El documental apócrifo o falso documental tiene algo de wellesiano, si. Pero no es definitiva esa influencia, che. Apenas es un punto de partida. En todo caso lo que para Welles era transcendental y político (como se construye un relato y cuales son las consecuencias de esa construcción?) para el llamado mockumentary es bastante mas relajado: el asunto es pensar, desde el registro simulado de lo documental, la mirada sobre el registro naturalizado de eso que presuntamente llamamos “lo real”. Pero ahí en donde Welles se fascina con los procedimientos formales, con la narración del engaño, el mockumentary se concentra en la exposición satírica del registro documental para hacerlo estallar por exceso. El resultado suele ser contundente: mientras el documental apócrifo tradicional tiene ese no se que de lo didáctico el mockumentary es profundamente empático, humanista.

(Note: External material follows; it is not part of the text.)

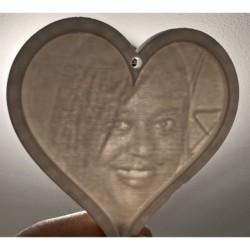 Personalized Sun-catcher/Ornament Heart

Quizás por todas estas cosas, quizás por su amor por los personajes y por su estructura burbujeante el mockumentary haya sido una tradición secreta, casi completamente desconocida para el publico masivo. Y ahí donde el falso documental wellesiano ganaba adeptos por el costado cerebral (injustamente, ya que Welles siempre tuvo un sentido del humor extraordinario, algo que no muchos críticos supieron apreciar en F de Falso).

En esa noble tradición que supone el mockumentary (y que tiene a Christopher Guest como a uno de sus mayores cultores) se entronca What we do in the shadows, que a su vez sigue la mas reciente moda audiovisual australiana y neozelandesa por el mockumentary (aunque la piedra angular de esta tendencia geográfica la haya situado la extraordinaria Forgotten silver exactamente hace dos décadas). En esta dirección la película de los creadores de la genial The flight of the concords puede no diferenciarse sustancialmente de la historia que la precede, pero posiblemente se convierta (como Borat supo serlo en la versión cínica de este subgénero) en la avanzada para que el género termine por hacer el salto necesario y se masifique.

Ahora bien, más allá de la cualidad azarosa de convertirse en uno de los mockumentaries más comentados de los últimos años, WWDITS es también –como supo serlo la seminal Esto es Spinal Tap- una extraordinaria película sobre la amistad, precisamente porque mientras que la tristemente célebre Borat nos convencía del humor documental humillando a terceros a diestra y siniestra -es decir, poniendo al personaje por encima del mundo- WWDITS construye a su mundo desde los personajes y por eso logra que estos tengan vida, carnadura y humanidad. Ahí esta también la incidencia de la nueva comedia Americana dando vueltas, logrando articular la melancolía de los freaks que viven una vida aislada del resto pero a la vez combinándola con la celebración, la ceremonia secreta del grupo como ultimo refugio.

Si a esa capacidad empática la combinamos con buen timming y velocidad para construir ping-pongs de oneliners, si le sumamos una pizca (muy Commonwealth, si) de humor ingles al mejor estilo de ciertas películas recientes de Simon Pegg y si cerramos con una noble cualidad, que es la de hacer pasar el tiempo como si fuera arena en las manos, uno puede decir que el equipo gana, gusta y golea.

Quizás sea hora de despedirse del gran gordo, cuya influencia todo toca. Y comenzar a darse cuenta que el subgénero de la comedia documental ya está grande, tiene pelos, se mantiene por si sola en pie y merece alguna consideración un poco mayor a la del discreto desprecio con la que la película fue tratada.